**What needs to be done**.
Give the number of lines below that hold the string "online", and nothing more.

--------------------------------------------------

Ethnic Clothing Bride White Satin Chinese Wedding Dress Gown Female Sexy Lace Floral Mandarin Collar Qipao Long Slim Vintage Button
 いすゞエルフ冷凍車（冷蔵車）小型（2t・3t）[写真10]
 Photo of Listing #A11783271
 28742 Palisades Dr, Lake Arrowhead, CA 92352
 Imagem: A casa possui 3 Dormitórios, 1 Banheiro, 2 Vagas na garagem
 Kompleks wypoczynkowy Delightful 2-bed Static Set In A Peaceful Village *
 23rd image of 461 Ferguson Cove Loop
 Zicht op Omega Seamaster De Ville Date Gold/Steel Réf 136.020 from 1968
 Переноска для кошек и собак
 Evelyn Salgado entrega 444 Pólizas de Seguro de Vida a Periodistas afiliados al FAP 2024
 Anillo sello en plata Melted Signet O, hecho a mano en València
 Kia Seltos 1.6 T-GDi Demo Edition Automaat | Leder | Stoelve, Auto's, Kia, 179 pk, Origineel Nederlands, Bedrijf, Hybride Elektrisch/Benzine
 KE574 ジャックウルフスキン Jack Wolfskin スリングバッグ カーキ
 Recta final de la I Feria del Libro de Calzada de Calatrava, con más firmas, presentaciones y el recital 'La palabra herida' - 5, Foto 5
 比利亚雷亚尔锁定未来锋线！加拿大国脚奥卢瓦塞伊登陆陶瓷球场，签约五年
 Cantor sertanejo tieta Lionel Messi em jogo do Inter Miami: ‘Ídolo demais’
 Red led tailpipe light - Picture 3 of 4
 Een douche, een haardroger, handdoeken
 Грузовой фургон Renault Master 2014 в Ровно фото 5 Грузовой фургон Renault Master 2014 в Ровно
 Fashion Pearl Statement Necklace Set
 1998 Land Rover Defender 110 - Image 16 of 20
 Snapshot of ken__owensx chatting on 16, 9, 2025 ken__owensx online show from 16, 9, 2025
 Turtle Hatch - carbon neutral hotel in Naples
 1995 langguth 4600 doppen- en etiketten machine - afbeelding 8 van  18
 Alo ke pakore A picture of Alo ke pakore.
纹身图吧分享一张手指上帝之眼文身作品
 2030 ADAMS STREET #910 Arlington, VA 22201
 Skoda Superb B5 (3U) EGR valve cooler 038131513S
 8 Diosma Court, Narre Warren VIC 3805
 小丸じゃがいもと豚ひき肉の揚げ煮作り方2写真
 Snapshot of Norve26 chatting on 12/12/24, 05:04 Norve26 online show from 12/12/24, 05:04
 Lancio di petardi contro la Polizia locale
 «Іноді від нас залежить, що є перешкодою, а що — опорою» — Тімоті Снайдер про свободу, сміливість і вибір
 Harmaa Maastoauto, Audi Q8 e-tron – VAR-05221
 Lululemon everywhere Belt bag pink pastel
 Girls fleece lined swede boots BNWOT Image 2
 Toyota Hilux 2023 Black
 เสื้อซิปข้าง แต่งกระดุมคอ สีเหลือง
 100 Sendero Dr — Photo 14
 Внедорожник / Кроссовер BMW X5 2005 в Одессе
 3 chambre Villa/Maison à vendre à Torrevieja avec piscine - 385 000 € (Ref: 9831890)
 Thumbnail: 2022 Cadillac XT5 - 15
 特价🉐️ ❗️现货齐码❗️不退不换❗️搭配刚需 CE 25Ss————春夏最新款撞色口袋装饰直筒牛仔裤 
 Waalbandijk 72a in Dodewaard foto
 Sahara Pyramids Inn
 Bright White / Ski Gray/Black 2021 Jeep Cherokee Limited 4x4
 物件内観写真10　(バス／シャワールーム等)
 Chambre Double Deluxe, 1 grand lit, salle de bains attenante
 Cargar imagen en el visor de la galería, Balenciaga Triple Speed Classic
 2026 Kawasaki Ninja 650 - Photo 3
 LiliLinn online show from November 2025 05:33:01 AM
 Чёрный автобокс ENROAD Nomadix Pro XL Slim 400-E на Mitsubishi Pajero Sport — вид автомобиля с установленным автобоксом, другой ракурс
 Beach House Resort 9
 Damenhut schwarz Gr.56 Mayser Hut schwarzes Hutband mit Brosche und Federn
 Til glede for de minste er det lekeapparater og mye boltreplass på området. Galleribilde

--------------------------------------------------

**Expected answer**.
3